▶ [ABOUT THIS TASK]: The answer should be every line below, repeated exactly, with the images left out.

*** RAW DATA Section Begins ***

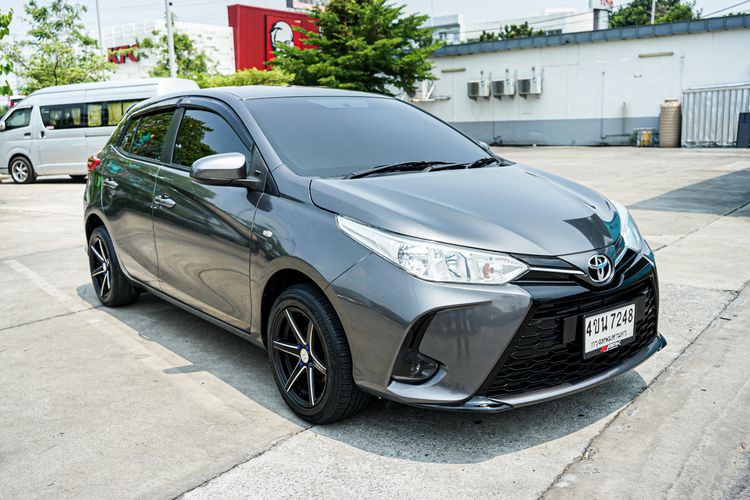 Toyota Yaris 2020 1.2 Entry Sedan เบนซิน ไม่ติดแก๊ส เกียร์อัตโนมัติ เทา รูปที่ 2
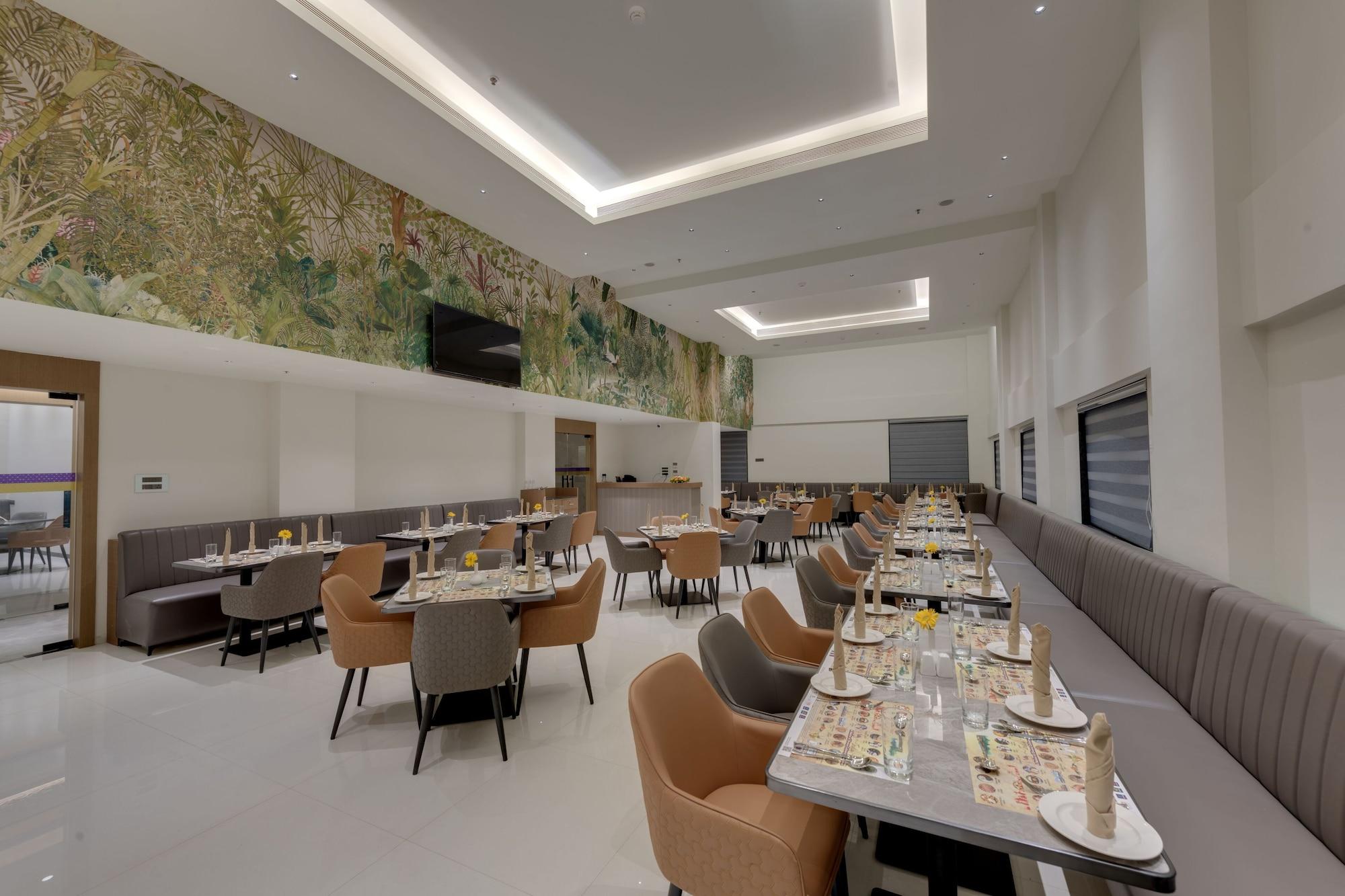 Restaurant Click Collection Shikrapur, Ranjangaon
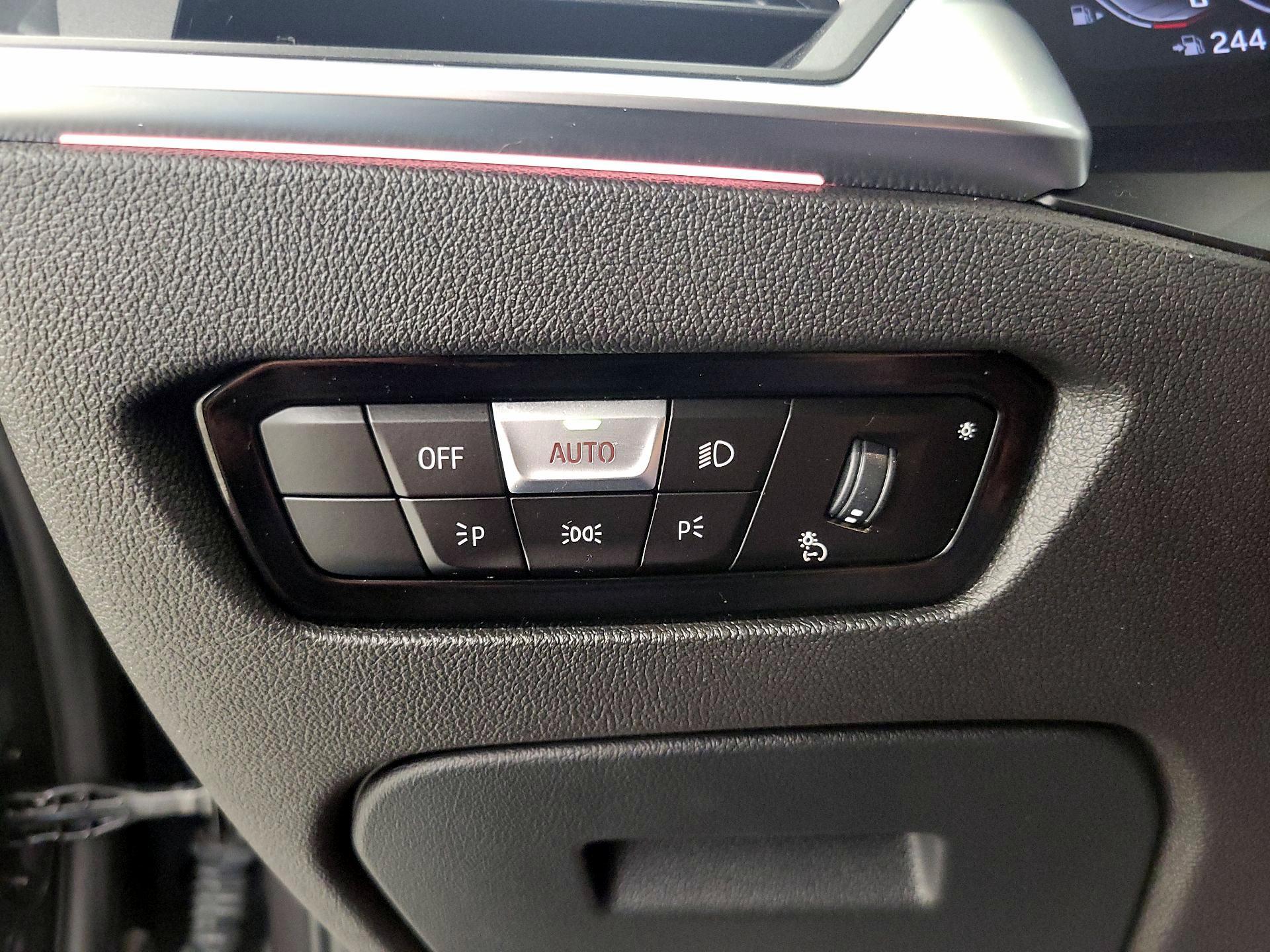 Thumbnail: 2021 BMW 3 Series - 13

*** RAW DATA Section Ends ***

▶ [ANSWER SECTION]:
 Toyota Yaris 2020 1.2 Entry Sedan เบนซิน ไม่ติดแก๊ส เกียร์อัตโนมัติ เทา รูปที่ 2
 Restaurant Click Collection Shikrapur, Ranjangaon
 Thumbnail: 2021 BMW 3 Series - 13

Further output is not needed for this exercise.